Donde más perceptibles son actualmente las consecuencias de este empobrecimiento cultural es precisamente en la esfera pública, asunto del que me he ocupado en mi libro Humanismo cívico, recientemente publicado por la editorial Ariel de Barcelona. Entiendo por “humanismo cívico” la actitud que fomenta la responsabilidad y la participación de las personas y comunidades ciudadanas en la orientación y desarrollo de la vida política. Postura que equivale a potenciar las virtudes sociales como referente radical de todo incremento cualitativo de la dinámica pública. Al hacer esta propuesta, me inspiro precisamente en la idea de una posible y necesaria actualización del modo culto y sabio de habitar en la polis o en la civitas que nos transmiten los autores clásicos.
No se trata, por tanto, de una nueva apelación al protagonismo de esa tierra de nadie -de la que siempre cabe sospechar que es de alguien muy determinado- a la que se ha venido a llamar “sociedad civil”. Tampoco es el cansino llamamiento a un “rearme moral”, que suele proceder de los reductos más conservadores, para quienes sólo parece existir la ética del mercado y el afán por conservar una situación de prepotencia, adornada por el mantenimiento de las apariencias morales, tan propio de la moderna burguesía.
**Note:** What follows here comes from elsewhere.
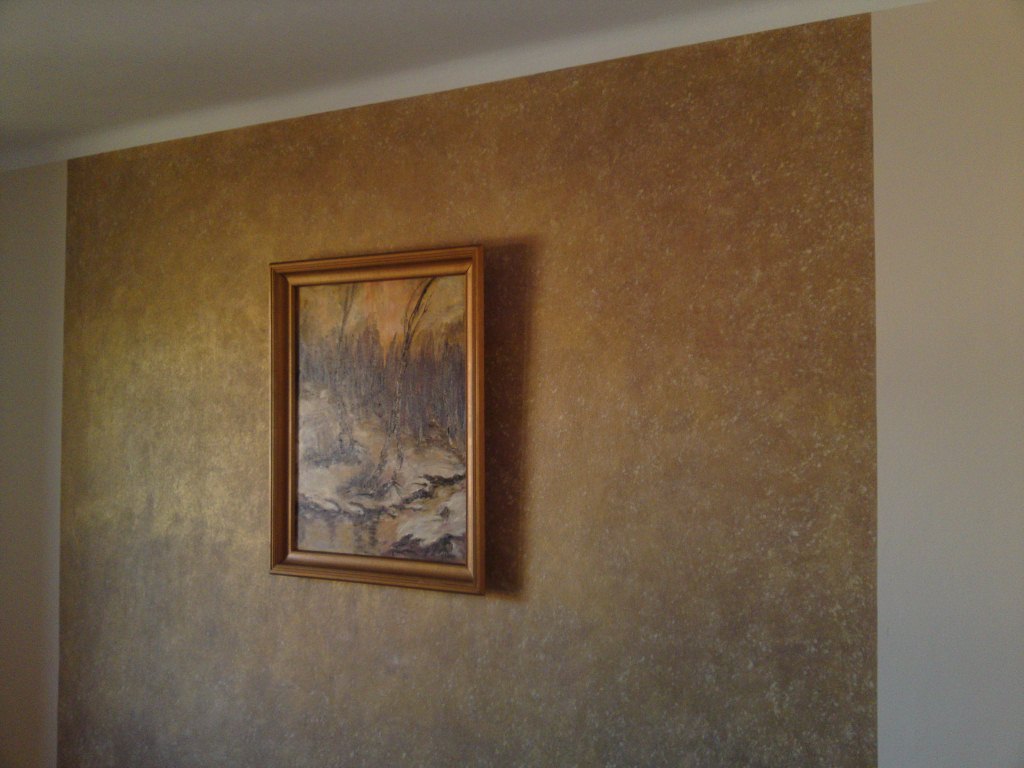 Ściana pokryta tynkiem dekoracyjnym w odcieniach złota i brązu, z zawieszonym obrazem w złotej ramie.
Se trata, más bien, de una postura que cuestiona el carácter mecánico y puramente procedimental del llamado “tecnosistema”: esa imbricación de una burocracia esclerotizada y un mercantilismo miope; esa extraña e implacable emulsión de politización y economicismo que convierte a los ciudadanos de a pie en inmóviles y pasivos convidados de piedra. La propuesta del humanismo cívico consiste en declarar seriamente que los responsables de lo que nos pasa somos todos y cada uno de nosotros. Como decía Ortega, hemos de acostumbrarnos a no esperar nada bueno de esas instancias abarcadoras y abstractas que son el Estado y el mercado. Es de nosotros mismos de quienes hemos de esperar lo bueno y lo mejor. La historia no nos arrastra, la hacemos nosotros, los verdaderos protagonistas del cambio social.